When you reach the line containing "Arnica Cr Near", please repeat it and every line after it exactly, through the end of the listing below, skipping pictures.

╔══

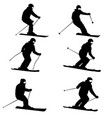 set mountain skier speeding down slope sport vector image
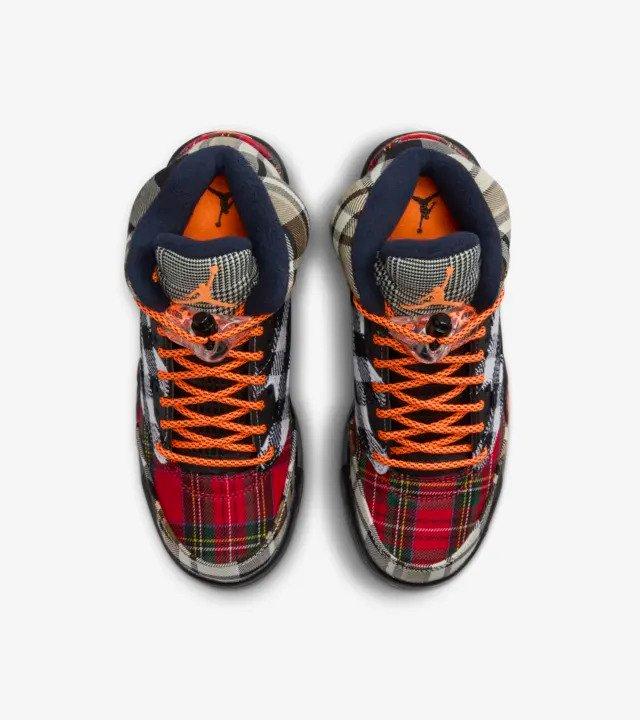 Jordan 5 Retro "Plaid" Grade School Kids' Shoe - BLACK/TOTAL ORANGE/DARK OBSIDIAN Thumbnail View 6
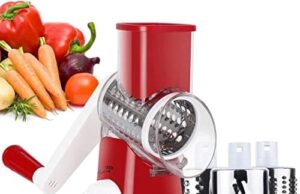 Review of Manual Rotary Cheese Grater, Kitchen Speed Round Tumbling Box Shredder Drum Vegetable Slicer Nuts Grinder for Veggie, Potato, Cucumber, Carrot, Chocolate for Pizza, Hashbrowns, Salad.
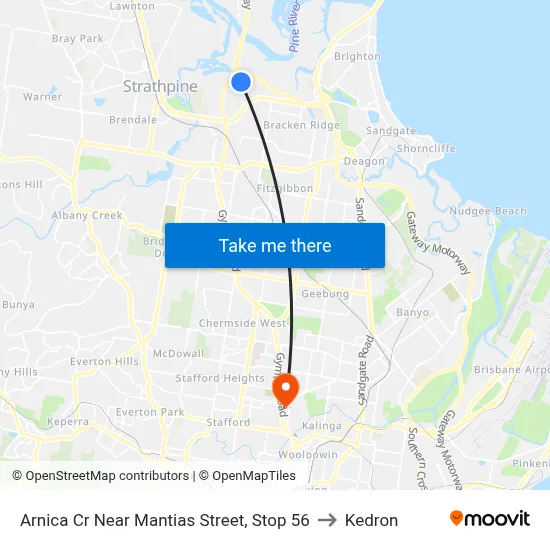 Arnica Cr Near Mantias Street, Stop 56 to Kedron map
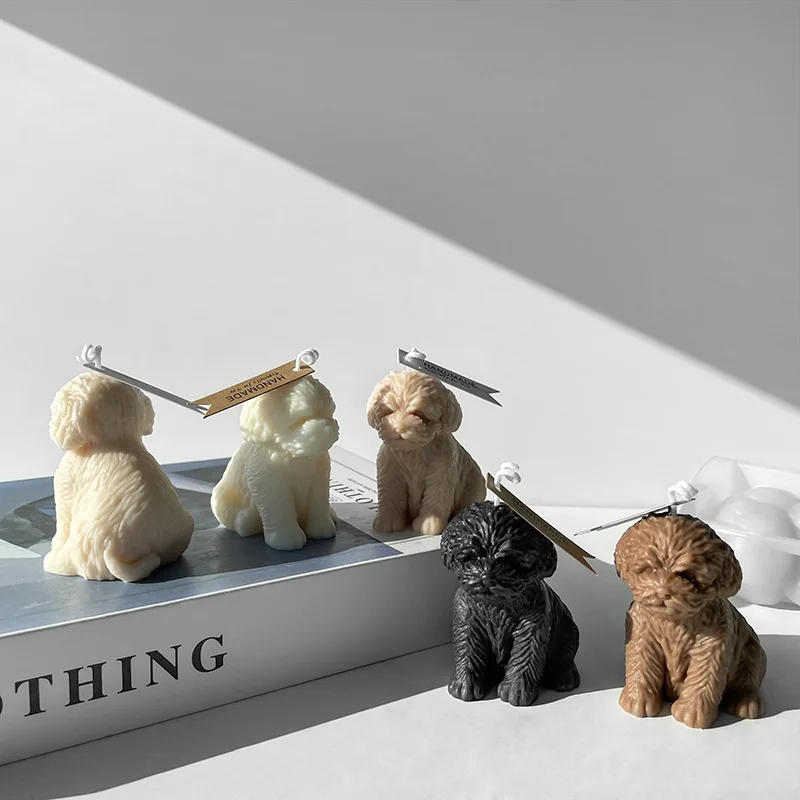 Description Picture 2 of itemCute Teddy Pet Dog Silicone Mold DIY Aroma Candle Plaster Resin Ornament Molds Puppy Soap Candle Making Supplies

╚══

RESULT OF THE TASK:
 Arnica Cr Near Mantias Street, Stop 56 to Kedron map
 Description Picture 2 of itemCute Teddy Pet Dog Silicone Mold DIY Aroma Candle Plaster Resin Ornament Molds Puppy Soap Candle Making Supplies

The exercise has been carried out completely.